What do you need Pandas for?

The basic installation of Python already brings four different data structures in which any data type can be stored:

  • The list is an ordered collection of elements, which is changeable and can also contain duplicate elements.
  • The tuple is in effect a list, with the difference that it is no longer changeable. So no elements can be added or removed afterward.
  • The set does not allow duplicate entries. At the same time, the arrangement of the elements within the set is variable. The set itself can be changed, but the individual elements cannot be changed afterward.
  • Since Python version 3.7, a dictionary is an ordered collection of elements that can be changed. In the earlier versions, the dictionary is unordered.

Although you can already handle many use cases with these data structures, there are situations where they are not sufficient. For example, tables cannot be displayed with these native structures. Therefore, there are so-called modules, such as Pandas or NumPy, which make it possible to use further functionalities that would otherwise not be available in the basic installation. At the same time, it is also often the case that data structures from modules are significantly more performant than Python’s standard data objects. NumPy arrays, for example, have been optimized for vector and matrix calculations.

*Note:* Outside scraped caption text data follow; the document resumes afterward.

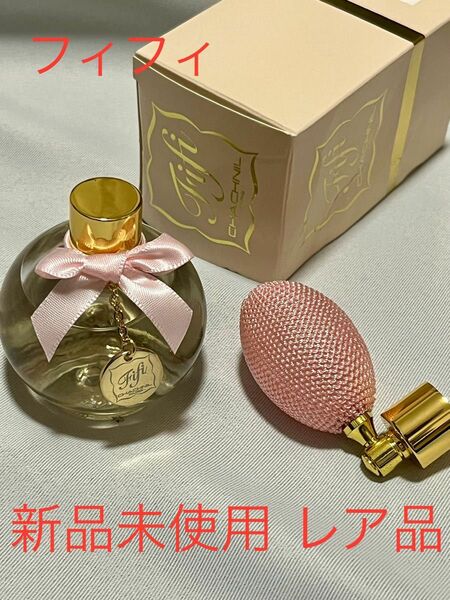 E FIFI フィフィ シャシュニルオードトワレ50ml レア商品 香水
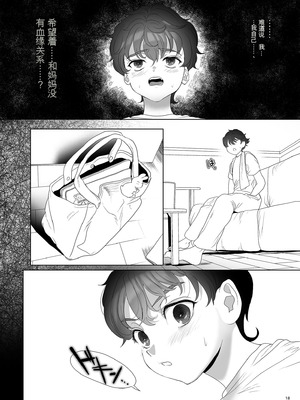 [ゆれるちくわぶ (ぬまたちひろ)] 母飼い [中国翻訳]_17_p18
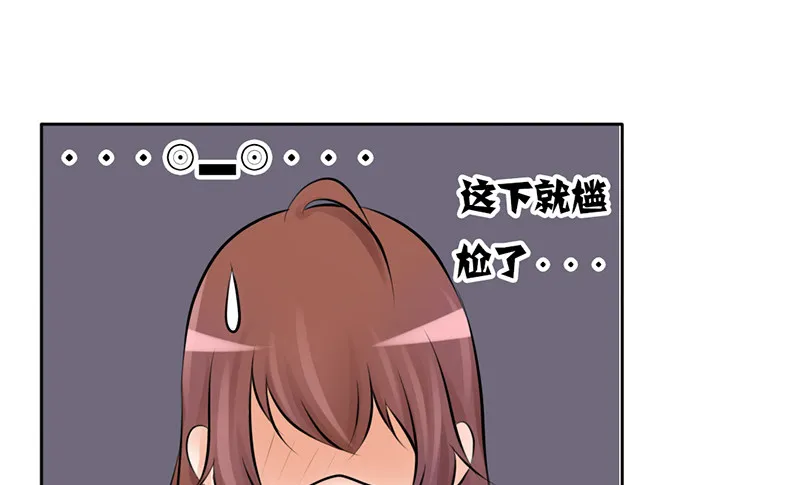 第18话 似乎被看见不得了的事？ 第56页
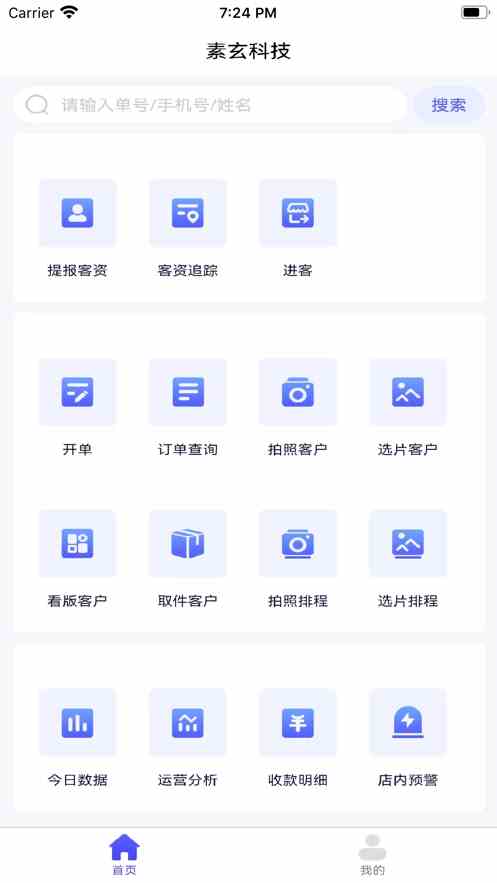 春水福利绿巨人黑科技APP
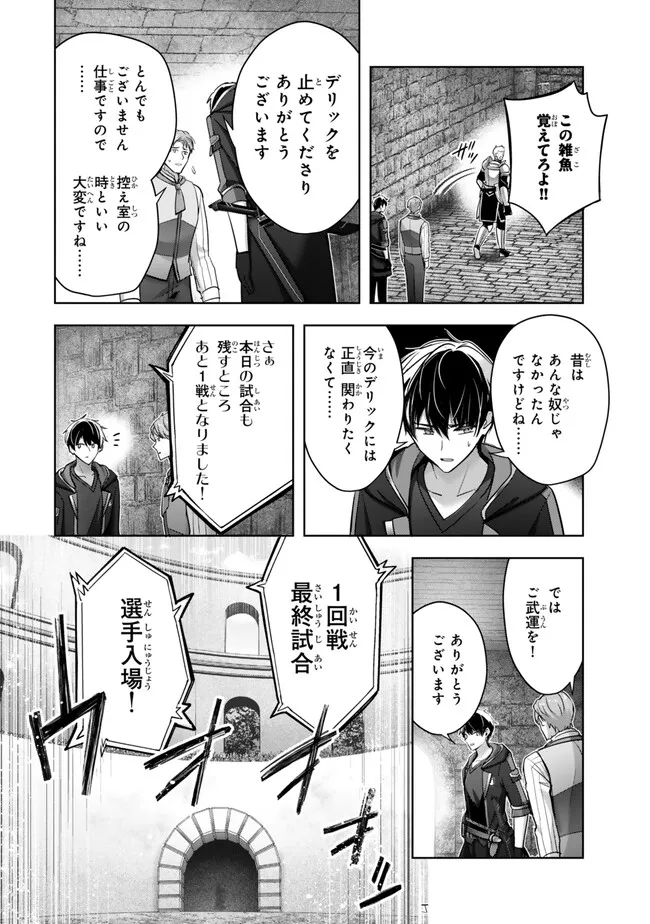 Yuusha Party wo Oidasareta Kiyoubinbou: Party Jijou de Fuyojitsushi wo Yatteita Kenshi, Bannou e to Itaru - Chapter 45.2 - Page 2
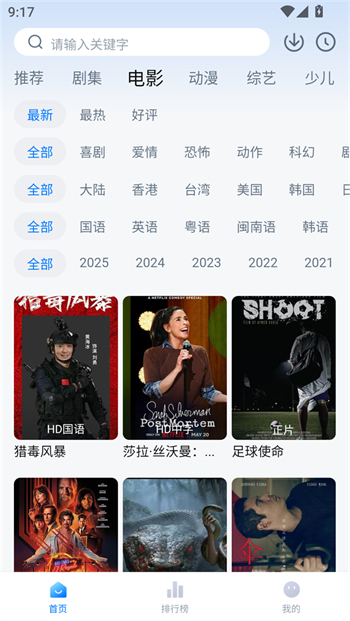 天空影视app图3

Likewise, there are modules for many other applications that complement the Python programming language and its functionality. The modules TensorFlow or Scikit-Learn, for example, are used for the creation of Machine Learning models.

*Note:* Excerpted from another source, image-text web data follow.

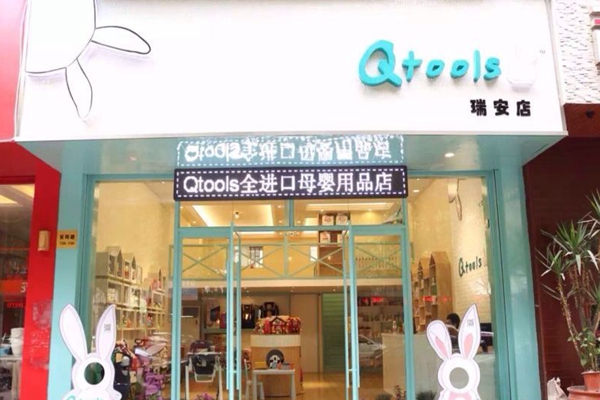 qtools进口母婴店加盟费用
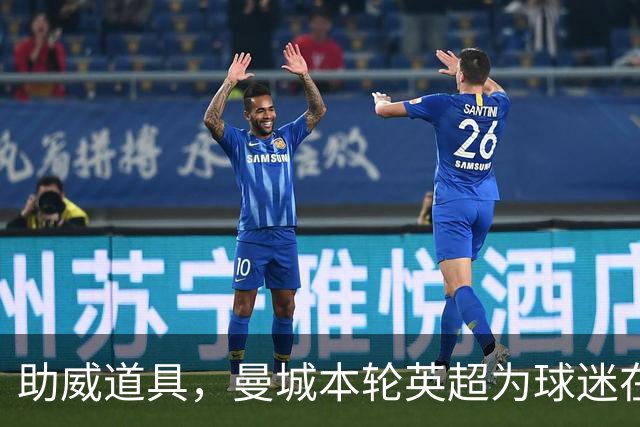 助威道具，曼城本轮英超为球迷在主场座位上准备了充气香蕉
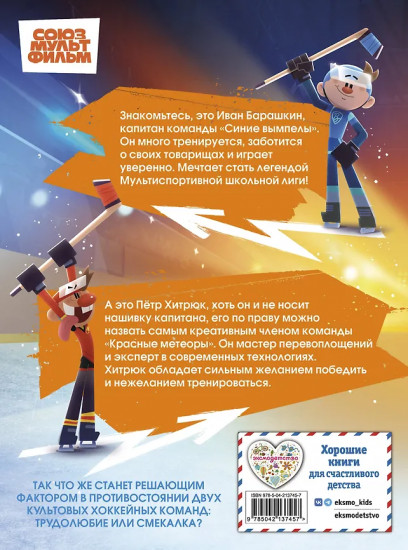 Чемпионы. Шайбу к бою!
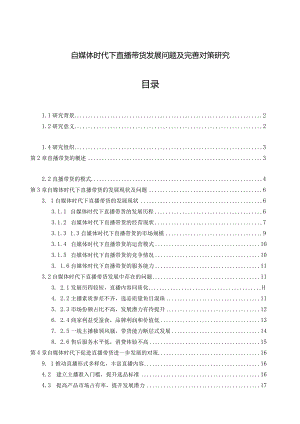 【《自媒体时代下直播带货发展问题及优化策略》15000字（论文）】.docx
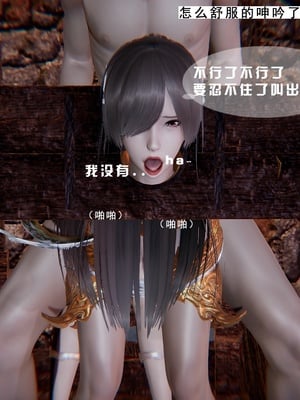 [我健身你瑜伽]真混沌之子10_057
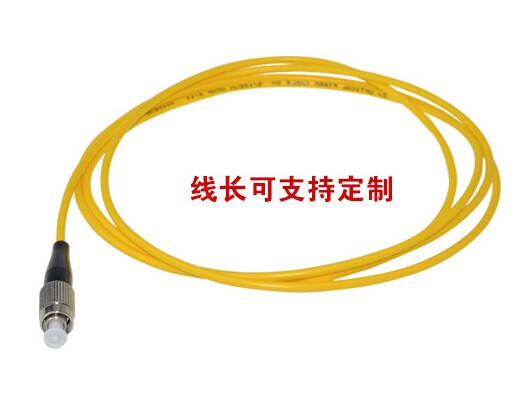 FC 尾纖 單模光纖跳線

What are the components of a Pandas Series?

The Pandas Series is one of the most basic data structures used in Pandas. It is a one-dimensional, ordered data structure that can be used, for example, to store the information in a table column or the numbers in a vector.

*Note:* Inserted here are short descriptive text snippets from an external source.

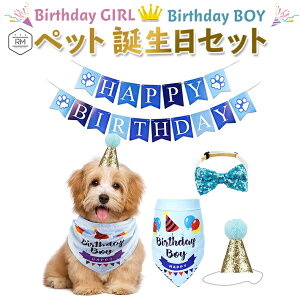 yxΏہzybg a  L HAPPY BIRTHDAY K[h fR[VZbg a t BeZbg o[Xf[Zbg jnbg jtbO XJ[t lN^C s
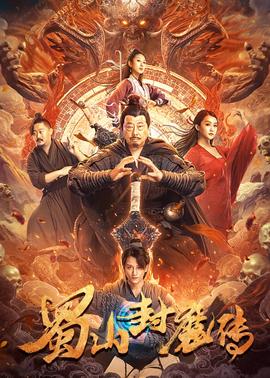 《狐王殿下恋爱了》电影高清完整版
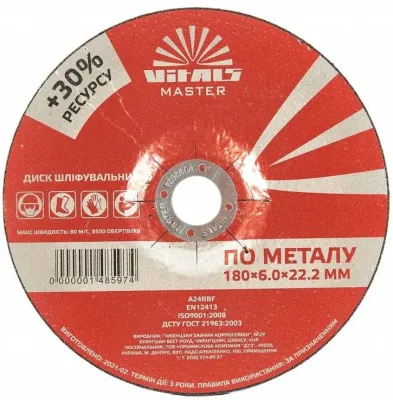Диск зачистной по металлу 180х6,0х22,22мм Vitals Master (148597)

It offers the possibility to use a labeled index. However, if this is not explicitly specified, a numerical index starting with zero is automatically set. Thus it becomes also clear that the order of the elements in the Pandas Series plays an important role. The Series is said to be an ordered data structure. This means that two Pandas Series with the same elements in a different order are not the same object.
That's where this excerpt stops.